───── Exercise data
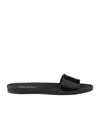 Prada Black Leather Slippers In Black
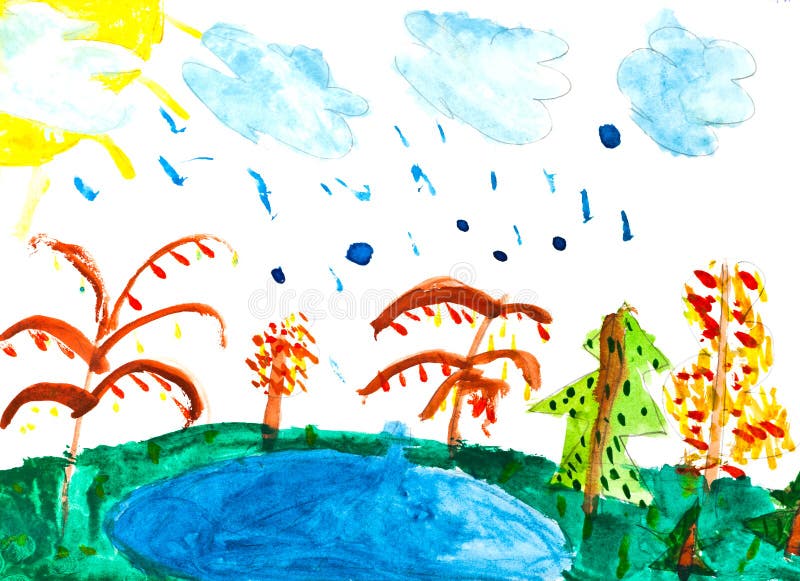 Pencil hand drawing made by little child. Yellow car driving under rainbow  to houses and sun. Rain is going away Stock Photo - Alamy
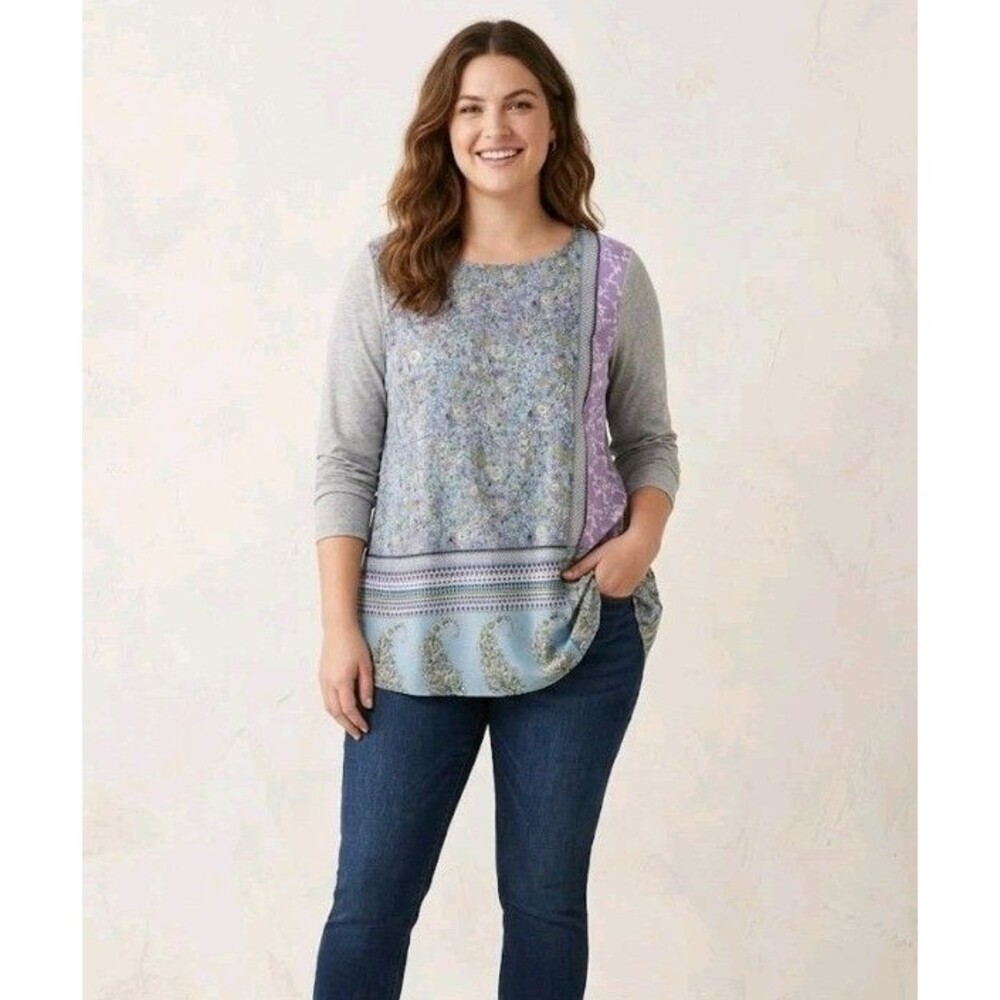 J Jill Blouse Size M Floral 3/4 Sleeve Tunic Rayon/ Modal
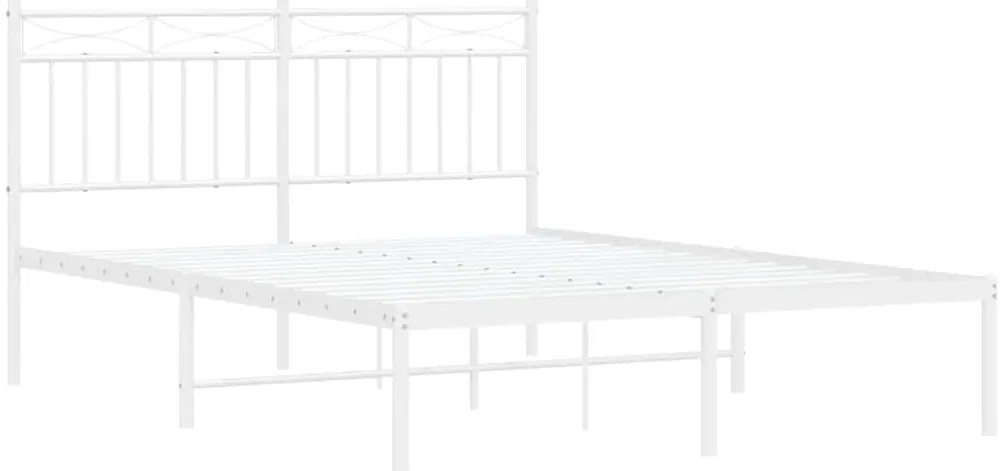 Estrutura de cama com cabeceira 135x190 cm metal branco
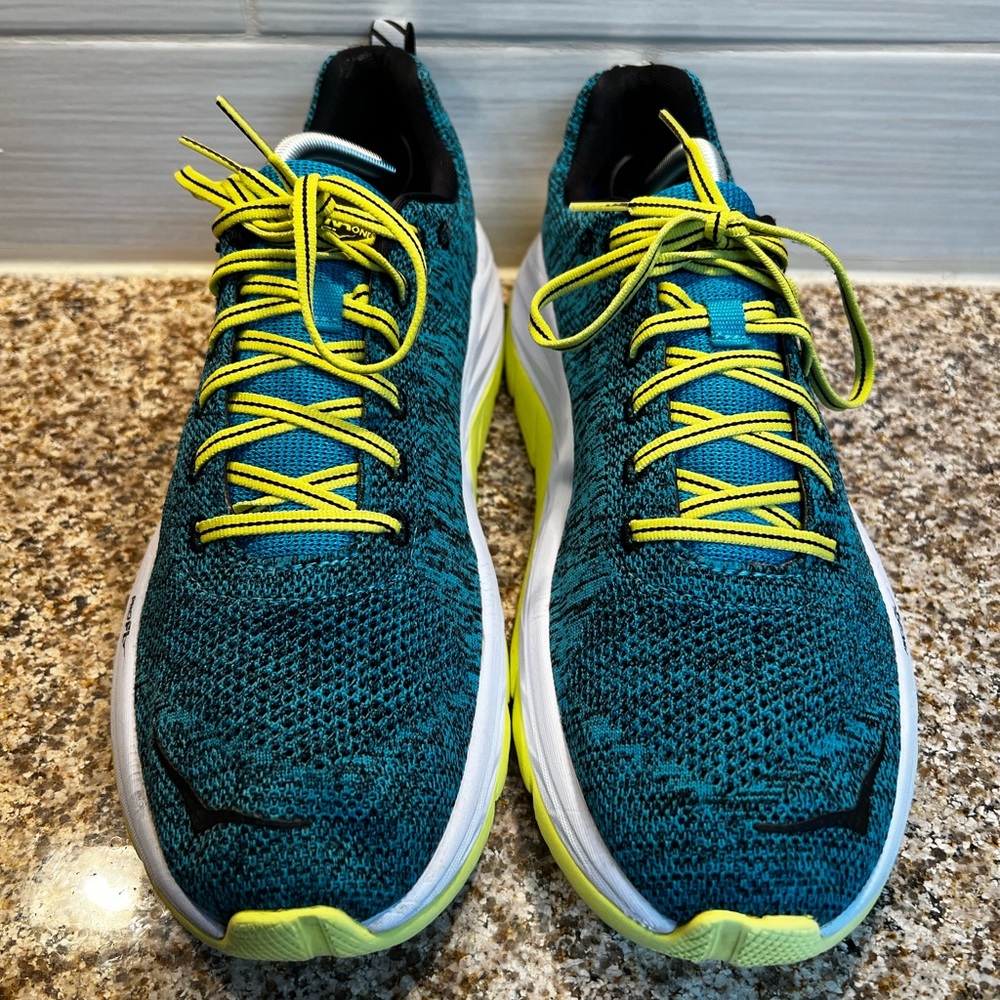 Hoka Teal Knit Running Shoes with Yellow Accents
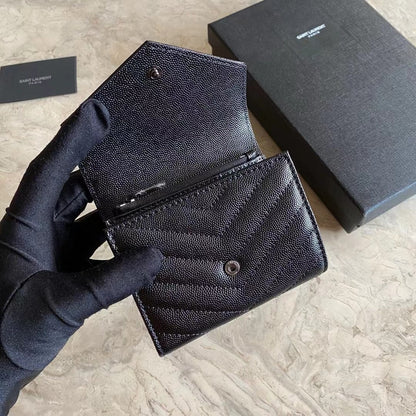 Saint Laurent Women’s Cassandre Matelasse Small Envelope Wallet in Grain De Poudre Embossed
──────────
- [Task goal]
Restate word for word the lines from the one holding "Pencil hand drawing" down through the last line of the records above, and do not include the pictures.

- [Solution to the exercise]
 Pencil hand drawing made by little child. Yellow car driving under rainbow  to houses and sun. Rain is going away Stock Photo - Alamy
 J Jill Blouse Size M Floral 3/4 Sleeve Tunic Rayon/ Modal
 Estrutura de cama com cabeceira 135x190 cm metal branco
 Hoka Teal Knit Running Shoes with Yellow Accents
 Saint Laurent Women’s Cassandre Matelasse Small Envelope Wallet in Grain De Poudre Embossed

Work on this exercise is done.